Anyscale Inference Reference#

The Anyscale backend submits LLM batch-inference jobs to Anyscale Jobs running on a managed Ray cluster, instead of Databricks GPU compute. Use it when you need:

  • Multi-node distributed inference at H100 / B200 scale.

  • A high-memory CPU head with GPU workers (scaling-laws sweeps).

  • Job-Queue-based prioritization across teams and job kinds.

User-facing entrypoints:

Compute configs#

The platform team registers a fixed set of compute configs in Anyscale. Pass the matching AnyscaleComputeConfig member (or its raw string value) as anyscale_compute_config.

When anyscale_compute_config is left None, Family-1 configs auto-resolve from (gpu_type, num_gpus). Family-2 configs (CPU-head) must always be passed explicitly — they’re an opt-in topology for scaling-laws sweeps and never auto-selected.

Family 1 — GPU head + optional GPU workers#

For training/inference where the head node also runs vLLM/Ray work.

Name

Total nodes

GPU type

GPU count

Use when

h100-single-node

1

H100-8X

8

Single-node training/inference, dev

h100-two-nodes

2

H100-8X

16

Small distributed training

h100-four-nodes

4

H100-8X

32

Medium distributed training

b200-single-node

1

B200-8X

8

Single-node B200 work

b200-two-nodes

2

B200-8X

16

Small distributed B200

b200-four-nodes

4

B200-8X

32

Medium distributed B200

Family 2 — CPU head + GPU workers (scaling-laws sweeps)#

For workloads where a high-memory head node coordinates many GPU workers. Head is r6i.16xlarge (32 vCPU, 512 GB RAM). Useful when the head needs to hold tokenized datasets, dispatch state, or large lookup tables in memory.
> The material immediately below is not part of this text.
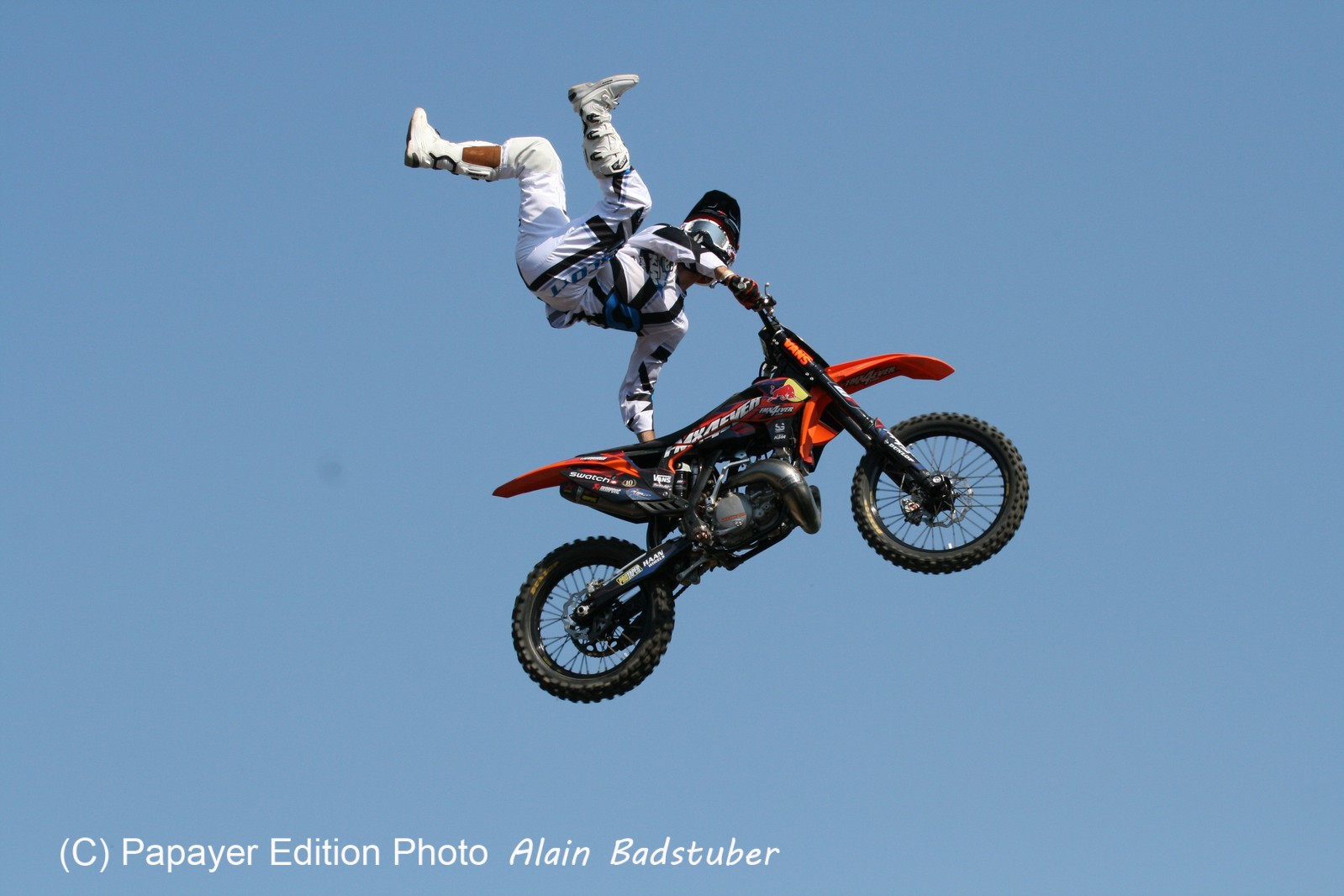 FMX_Show_47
Naming counts GPU workers, not total nodes.

Name

Head

GPU workers

Total nodes

GPU count

Use when

h100-cpu-head-1gpu

r6i.16xlarge

1 × p5.48xlarge

2

8

Smallest scaling-laws, H100

h100-cpu-head-2gpu

r6i.16xlarge

2 × p5.48xlarge

3

16

h100-cpu-head-4gpu

r6i.16xlarge

4 × p5.48xlarge

5

32

h100-cpu-head-8gpu

r6i.16xlarge

8 × p5.48xlarge

9

64

Largest scaling-laws, H100

b200-cpu-head-1gpu

r6i.16xlarge

1 × p6-b200.48xlarge

2

8

Smallest scaling-laws, B200

b200-cpu-head-2gpu

r6i.16xlarge

2 × p6-b200.48xlarge

3

16

b200-cpu-head-4gpu

r6i.16xlarge

4 × p6-b200.48xlarge

5

32

b200-cpu-head-8gpu

r6i.16xlarge

8 × p6-b200.48xlarge

9

64

Largest scaling-laws, B200

Override example#

Default auto-resolve picks Family-1. Override with Family-2 when you want a CPU head:

from ml_toolkit.functions.llm.inference import (
    run_inference, AnyscaleComputeConfig,
)

# Auto-resolves to AnyscaleComputeConfig.H100_TWO_NODES
run_inference(
    "cat.sch.input", "cat.sch.model", "cat.sch.output",
    compute_type="anyscale",
    gpu_type="h100", num_gpus=16,
)

# Override: same 16 H100s, but with a high-memory CPU head
run_inference(
    "cat.sch.input", "cat.sch.model", "cat.sch.output",
    compute_type="anyscale",
    gpu_type="h100", num_gpus=16,
    anyscale_compute_config=AnyscaleComputeConfig.H100_CPU_HEAD_2GPU,
)

Routing labels (job_kind and team)#

To land on the right Job Queue partition with the right priority, set anyscale_job_kind and anyscale_team consistently. Untagged jobs fall through to shared-fallback (priority 10).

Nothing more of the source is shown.